Читать книгу Waylaid - Ed Lin - Страница 5
ОглавлениеThe hotel had been beautiful once, back in the 1950s.
I knew because I’d found a box of old color pamphlets in the crawlspace that ran under the complete length of the hotel. The pictures were in soft, faded colors — the blues were baby blues and the reds were pink. Flying wooden ramparts painted gleaming white connected the tips of the two parallel wings of the hotel like a big suspension bridge. Voluptuous cars iced with chrome looked like they could have driven out of Arnold’s parking lot on “Happy Days.” Men wore suits and hats, and women had scarves and gloves.
Three decades went by. It was the 1980s.
The ramparts were now rotting in stacks in the thickly wooded area that pressed up against the outside of the even- and odd-numbered wings. The hotel was laid out like the letter U with the office at the bottom. An asphalt driveway ran the entire inside length of the letter, from the four-lane interstate highway that lead to the beaches to the office and then back.

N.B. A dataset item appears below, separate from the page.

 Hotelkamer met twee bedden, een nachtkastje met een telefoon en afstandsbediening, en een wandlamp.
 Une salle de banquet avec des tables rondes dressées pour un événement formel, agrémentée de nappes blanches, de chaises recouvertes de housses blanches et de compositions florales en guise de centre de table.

The big cars had been replaced by beat-up Datsuns and Thunderbirds that crawled around the parking lot like insects with a leg or wing torn off.
Men had ditched their suits and hats and women, their scarves and gloves. Now everyone wore a unisex uniform of t-shirts and jeans, or bathing suits and cut-offs in the summer. Their faces were desperate for sex, for love, for another smoke; men with a few days of stubble, women with uneven layers of makeup. Their hard eyes and harder mouths would only loosen up with booze or some pot.

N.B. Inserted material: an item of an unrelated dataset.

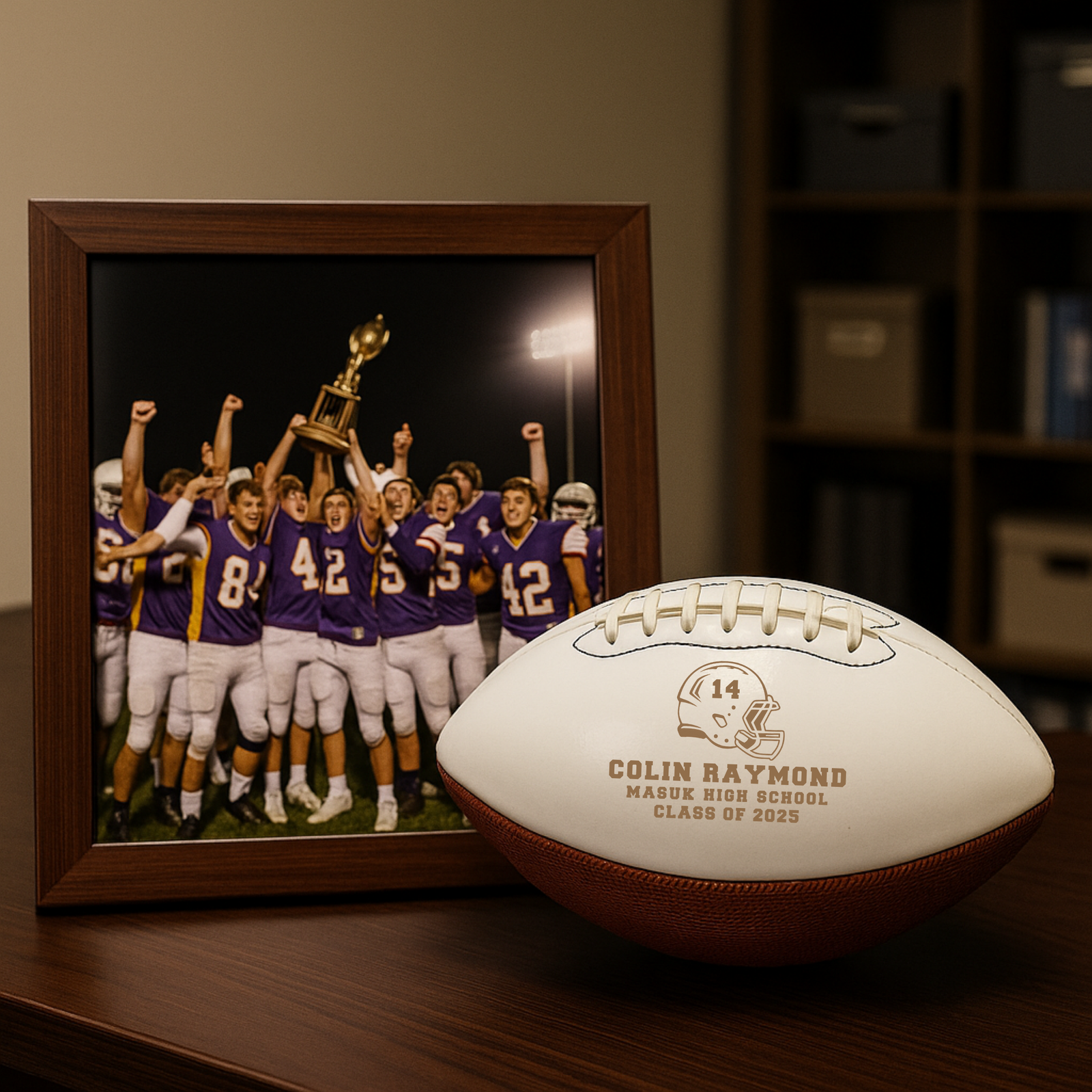 White leather football engraved with sample personalization showing name, number, school, and class year, displayed next to framed team photo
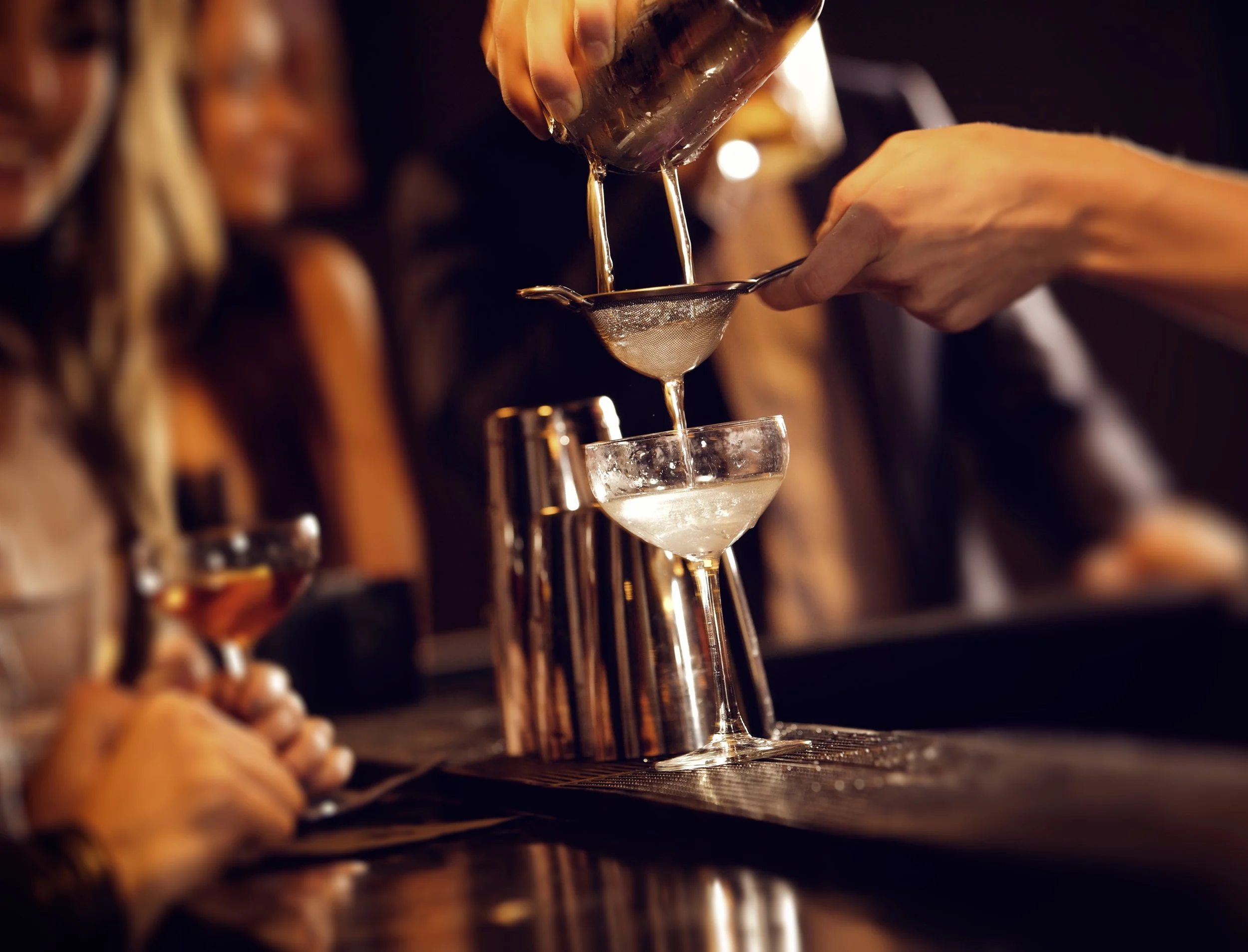Bartender straining a cocktail into a coupe glass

I don’t remember much of life before the hotel. I was born in New York City, but we’d moved out to the Jersey shore and bought the place when I was eight. The sellers were a white couple with a son about my age.
I remember racing slot-cars with that other little boy while our parents talked about the details of the sale. The hand-held controllers smelled like blown-out birthday candles as they heated up. If you didn’t let off on the trigger on the turn, the car would fishtail and flip off the track. Our parents were talking in the kitchen with the door closed. I couldn’t hear what they were saying as the cars whined around and around, but I could see them through the plate glass window. My father was standing at the dining table, sleeves rolled up. He was slightly shorter than my mother, with a ruddy complexion that made him look like he was drunk or really mad, but he was never in either of those states. He had curly black hair, which was a little unusual, but his eyes and wide cheeks tagged him as Chinese. He was pouring over the blueprints of the hotel, examining the structure and soundness of the plan and figuring out how salvageable the hotel was in its current state of disrepair. Was that when my parents hammered out the details of renting out rooms to hookers and johns?

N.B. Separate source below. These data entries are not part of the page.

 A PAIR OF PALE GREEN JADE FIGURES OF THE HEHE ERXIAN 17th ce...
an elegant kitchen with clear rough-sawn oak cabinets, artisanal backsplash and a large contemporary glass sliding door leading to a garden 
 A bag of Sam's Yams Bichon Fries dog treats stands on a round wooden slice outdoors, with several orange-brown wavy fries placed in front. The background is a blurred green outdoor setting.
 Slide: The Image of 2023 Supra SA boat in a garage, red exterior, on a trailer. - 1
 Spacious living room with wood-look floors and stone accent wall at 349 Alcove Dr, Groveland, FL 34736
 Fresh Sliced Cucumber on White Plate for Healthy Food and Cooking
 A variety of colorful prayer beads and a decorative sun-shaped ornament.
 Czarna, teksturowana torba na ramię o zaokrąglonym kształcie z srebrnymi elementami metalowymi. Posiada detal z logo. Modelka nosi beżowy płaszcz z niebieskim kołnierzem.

The main reason why my father had wanted the hotel was because he wanted to have his own business. Like all his classmates from Taiwan who had come to the U.S., he had been passed over for promotions at the civil-engineering company he’d been working at. His boss had told him his English wasn’t good enough, but after a few months with some text books, my father found out that none of the engineers, including his boss, really knew proper spelling or grammar. He ended up making a lot of corrections in the firm’s reports. My mother told me they’d given him a bottle of champagne when he left, which he poured out in the street before throwing the bottle into the gutter.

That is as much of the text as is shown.